精神分析におけるセックスとジェンダーを学ぶ会2022年第10回

2022年2月18日に「精神分析におけるセックスとジェンダーを学ぶ会2022」第10回を行いました。今回はBenjamin,J.の“Beyond Doer and Done to: An Intersubjective View of Thirdness.”の第二章を扱いました。Benjamin,J. 2004 Beyond Doer and Done to: An Intersubjective View of Thirdness. Psychoanalytic Quarterly. 73:5-46 2 Our appointment in Thebes : acknowledgment, the failed witness and fear of harming 3 Transformations in thirdness: mutual recognition, vulnerability and asymmetry.

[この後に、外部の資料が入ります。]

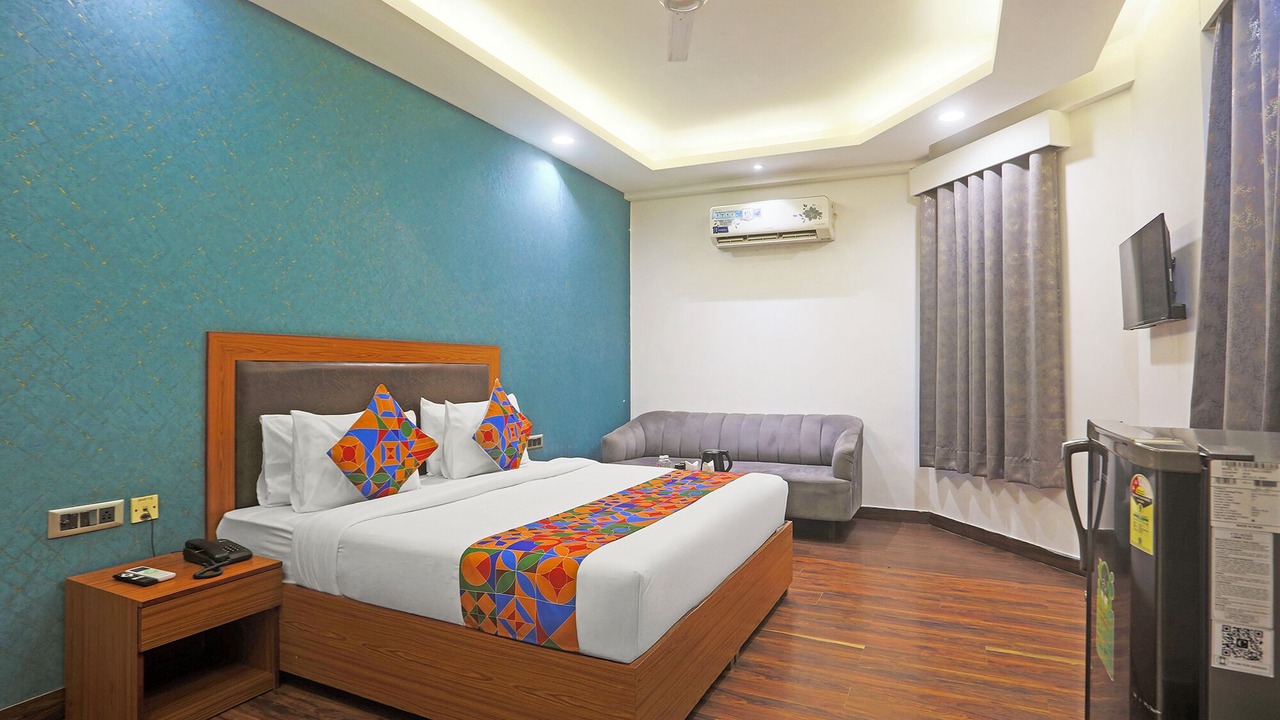 Photo of Bedroom in Jasola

実は、本書はジェンダーにとどまらない、あらゆる差別や歴史的トラウマにも広がりのあるものです。しかし、この勉強会を企画した時に最初に浮かんだのがこの文献でした。というのも、ジェンダーの問題を考え、議論する際に、とても重要なことが書かれている予感がしたからです。

ジェンダーの話をすると、微妙な空気が流れることが多いです。ある人はマウントを取ろうとします。ある人は誰かに媚び従うような態度を取ります。ある人は突然攻撃的になります。ある人は無関係を装おうとします。これはジェンダーの問題が非常にデリケートなものであることを意味しています。すべての人にとって、個別的でとても重要なものであるにもかかわらず、「男/女」「異性愛者/同性愛者」のようにカテゴライズされ、しかもそこにマジョリティ―マイノリティという権力関係が生じてしまいます。それゆえにマジョリティであってもマイノリティであっても、心乱されてしまう話題なのでしょう。学術的な議論の場であっても、このようなことは容易に起こりえます。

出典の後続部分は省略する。